Question

Greetings all,

I have researched and found a number of discussions on designing a MVC service layer, but I haven't found an answer to my exact questions. The post on service layer interdependency has an image illustrating what I have in mind, but I have a further question that I don't believe is covered in the referenced post.

My application will track data for a non-profit that interacts with humans in multiple contexts. Maybe the human was a client, maybe they were an adviser, or maybe they were an adversary. They can be multiple. A client may later become an adversary (think lawyers' clients).

My idea is that the creation of a new client or a new adversary always creates two records: 1 record in the person table and one record in the ancillary table. My thoughts behind this is that there will be one place (the person table) to check to see if the business has had any past interaction with a given person.
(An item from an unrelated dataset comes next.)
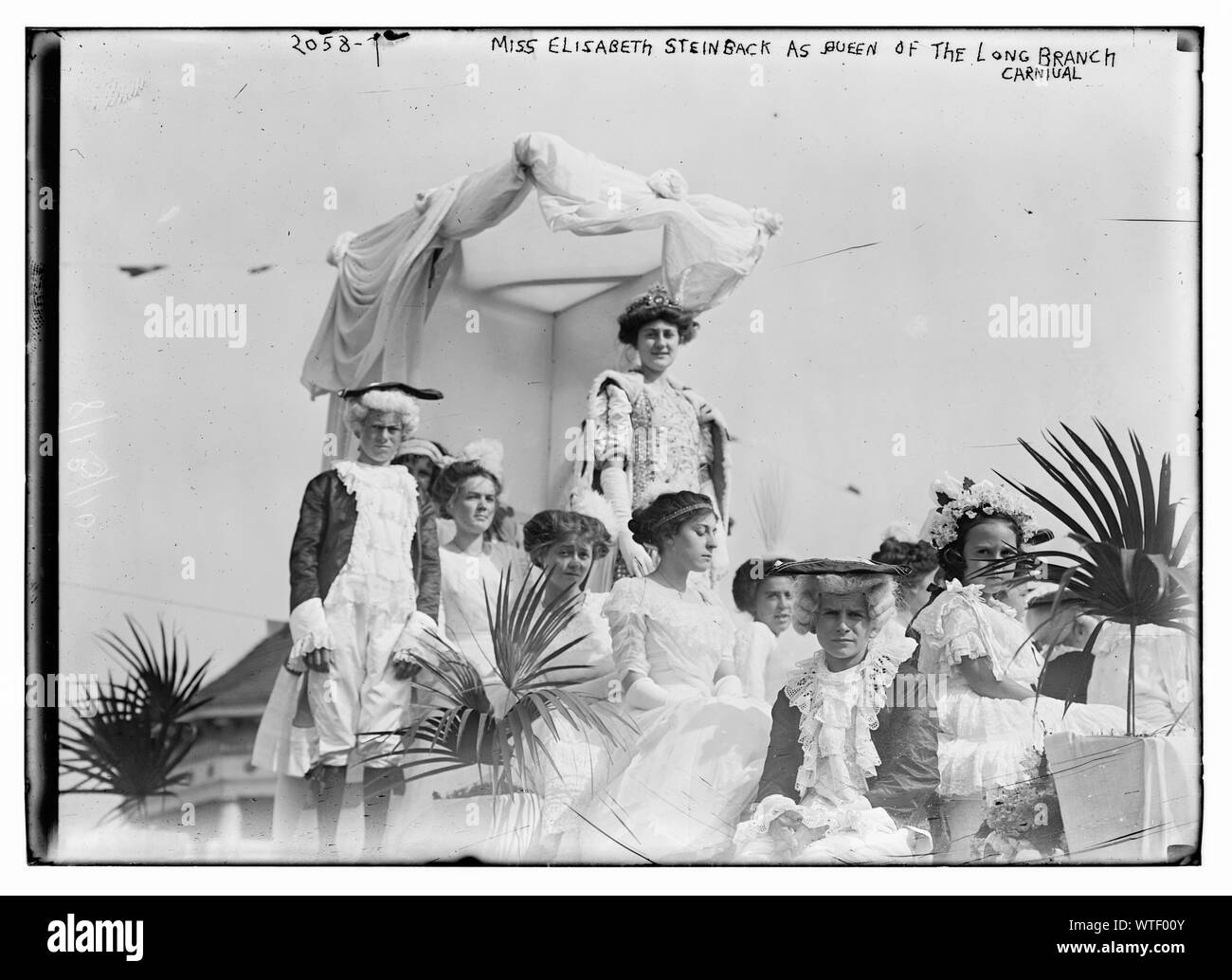 Miss Elisabeth Steinbeck als Königin der langen Niederlassung Karneval Stockfoto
My question is , when representing entities in a 1 to 0..1 relationship to the controller layer, (1) Should the controller be involved in combining and splitting classes before passing them to a view? (2) If not, should the service layer construct the viewmodel?
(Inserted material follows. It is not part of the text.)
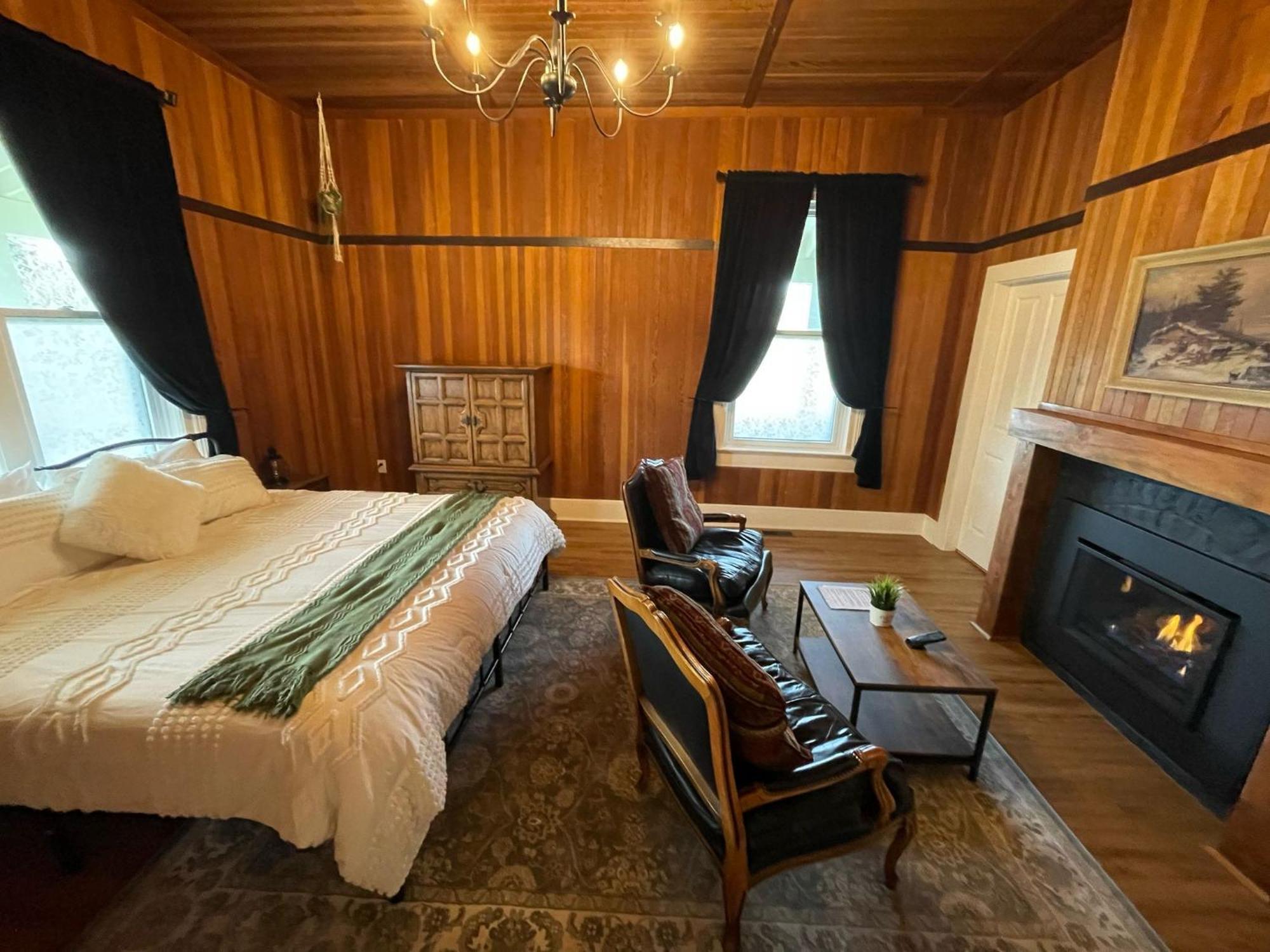 Woodside Farm Country Inn Sooke Ngoại thất bức ảnh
I've read the post about the 1800 line Controller here. I've also read this post that says your service layer shouldn't know about the view model, which makes me think it lives and dies in the controller layer. If the service layer doesn't touch the viewmodel, for example, (3) is it good design for the workerService to return both Person and Worker objects to the Controller?
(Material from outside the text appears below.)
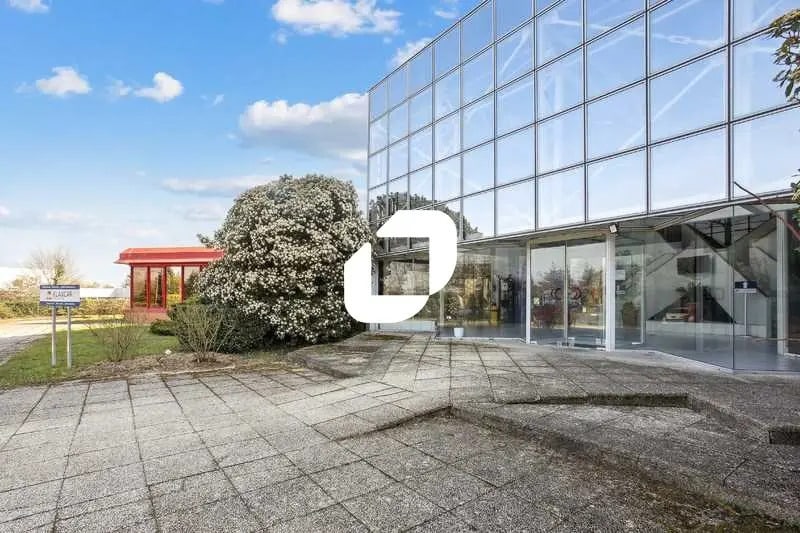 Bureau dans Dourdan à louer - Photo de l’immeuble – Image 3 sur 9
Here are my entity classes:

public class Record
{
    public DateTime datecreated { get; set; }
    public DateTime dateupdated { get; set; }
    public string Createdby { get; set; }
    public string Updatedby { get; set; }
}

public class Person : Record
{   
    public int ID { get; set; }
    public virtual Worker Worker { get; set; }
    publiv virtual Defendant defendant {get; set;}
    ...
}

public class Worker : Record
{
    public int ID { get; set; }
    public virtual Person person { get; set; }
    ...
}

public class Defendant : Record
{
    public int ID { get; set; }
    public virtual Person person { get; set; }
    ...
} 
Was it helpful?

Solution

I think you should try and find a balance between whats "good design" and what works for you.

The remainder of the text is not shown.